Did you know Mark Doty was married to a woman? Odds are steep that you did not. As he explains, "You will perhaps see why a writer who has had a good deal to say about other periods of his life has considered this material unwriteable: it seems Gothic, ridiculous. To narrate those years seems inevitably to accuse Ruth, and to invite me to offer justifications for my own foolishness in marrying her." His remarkable essay, "The Unwriteable," is the lead and best piece in Granta #110: Sex, which went on sale yesterday. Doty's thirteen-page piece is nonstop revelations, which I won't spoil. His age at the time. Her age. The age of another male in her life. The guy with whom he had an intense sexual affair at the time. Why that ended. On and on. Surely people will pressure Doty to expand this to a book.
The issue's other featured contributors are Jeanette Winterson, Jennifer Egan, Tom McCarthy, Adam Foulds, Carl Phillips, Herta Muller, Philip Boehm, Yann Faucher (photographs), Dave Eggers (four animal drawings), and a one page and a half page excerpt of Roberto Bolano's Antwerp that frankly seems included for bragging rights that Bolano is included. One essay missing from the issue is Michael Cunningham's exploration of vampires. A shame.
The other standout piece is an excerpt from James Lord's memoir My Queer War, which FSG releases next week. This wonderful chapter shows an amenable young Lord being picked up by and having sex with Jerry, a fellow GI, who upon discovering Lord is already 20 says, "Late starter.... Don't get me wrong, but you've got a lot to learn." He takes him in to Boston on a Saturday night where the bar at the Hotel Statler is packed with 150 servicemen, "not one lady or girl among them, only a handful of civilians." Jerry confirms, "Yes, they're all gay." James goes home with a 30 year old (who offers Rachmaninov's second piano concerto as "Rocky Two") and then his adventures really begin.

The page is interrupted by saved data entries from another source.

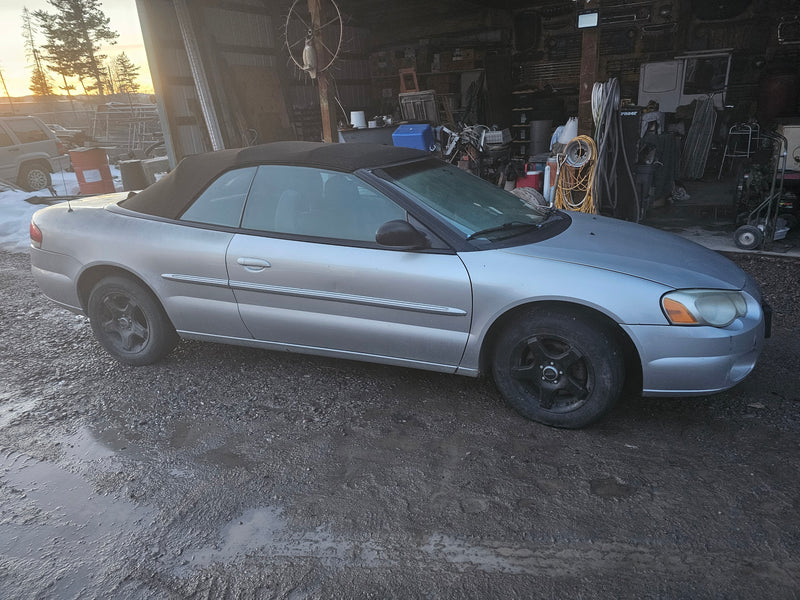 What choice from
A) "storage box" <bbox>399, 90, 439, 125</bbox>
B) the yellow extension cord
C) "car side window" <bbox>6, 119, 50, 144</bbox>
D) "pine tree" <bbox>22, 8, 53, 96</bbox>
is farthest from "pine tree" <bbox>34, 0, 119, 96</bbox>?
the yellow extension cord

Last night was New York's launch party for the issue at Soho's Coco de Mer. Above, the incomparable Patrick Ryan [red shirt] excites some of the models. I talked to Joe Cross for fifteen minutes before learning he was the star of Running with Scissors and had been in Milk. When I asked what he liked to read, Joe laughed, "...magazines, labels on expensive soaps, tags on mattresses." I talked to Michael Lucas for ten minutes without touching on his movie career (porn, his own company) but we found common ground in Berlin's Museum of Film and his love of biographies. He told me many funny / scary stories from Marlene Dietrich by her daughter Maria Riva, which he highly recommends.